Along with real, but child size dishes, regular metal silverware is introduced to children at the weaning table.
How to get a toddler to sit for meals at a small table
It is a common concern for families who are considering a weaning table that their child will not sit for meals. Here are some things you can do to help your child’s first time at their weaning table be a success.
- do not have the child sit until it is time to start eating
- eliminate snacking within 1-2 hours prior to meal time
- have consistent meal and snack times every day
- see that your child is comfortable in their seat
- make sure your child’s feet are able to touch flat on the floor (check seat height)
- be clear about meal time expectations (the meal is over if they get up, ect.)
- have realistic expectations about how long is appropriate for a child to sit still
When choosing a weaning table and chair set , here are characteristics to look for:
- furniture items are heavy (not easily tipped)
- made of solid wood, well made
- measurements that suit your child’s frame and account for physical growth
- cube chairs are optimal for babies and very young toddlers
Many parents are pleasantly surprised to find that if a child is given a higher level of freedom and involvement in meal times, they are happy to sit at their small table and they actually stay seated to finish their meal.
This was my personal experience, as well. Mealtimes were far more pleasant when we switch from a high chair to a weaning table.
They became something the whole family looked forward to.
Can we have a weaning table and still have meals at the family table?

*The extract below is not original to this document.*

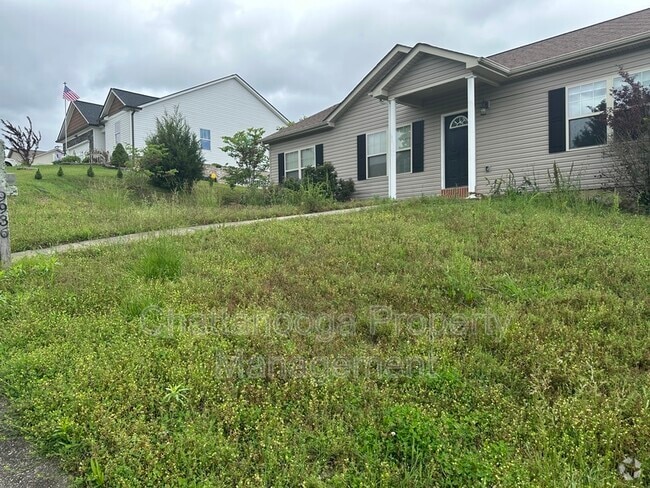 Building Photo - 9936 Falcon Crest Dr Rental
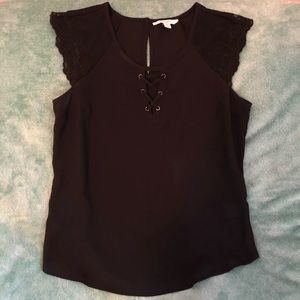 NWOT Candie’s Lace Shoulder Lace-Up Blouse BlackXS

Meals times are important for conversation and bonding. The idea of a weaning table gives many parents the image of children eating separately from the rest of the family.
There is no need to give up family meals times when you introduce a weaning table, however. Not only would it be awkward and possibly upsetting to the parents, child, or both, but it would be unsafe, especially for very young toddler.
This is not the idea behind weaning tables at all.
Some families choose to implement the Montessori weaning table for certain meals. Other families choose to only allow snack times to happen at the low table, then meals happen at the main table with the whole family.
Is there such thing as a Montessori-aligned high chair?
Many Montessori families choose to implement a weaning table and a high chair simultaneously. For many of these families, a Montessori-aligned high chair is desirable.
A trip trap style high chair is a high chair that has steps leading up the seat portion of the device. This allows children the freedom to climb up the the seat themselves.
The child can the be buckled in for safety and a tray is then clipped on. When the child gets bigger, the trip trap high chair is scooted closer to the table and a tray is no longer used.
For many families, a weaning table is not desired. This type of high chair is a happy medium between a regular high chair and a weaning table.
Personal experience and conclusion
When my daughter was an only child, she enjoyed her small table and chairs so much that my husband and I would join her, sitting on pillows on the floor for meals.
When one child became three, she enjoyed serving her younger brothers and encouraging them to try new foods at the small table. My husband and I would sit at the main table, which was a few feet away.
The children now enjoy sitting at the family table with us and the weaning table is now used for arts and crafts.
As previously stated, whether you choose a Montessori weaning table is up to you. I encourage parents to give weaning furniture a try, though.
Weaning tables are really a wonderful way to show a child they are respected, valued members of your household, worthy of furniture that suits their small size.
Does your child use small furniture for snacks or mealtimes? If so, what has your experience been?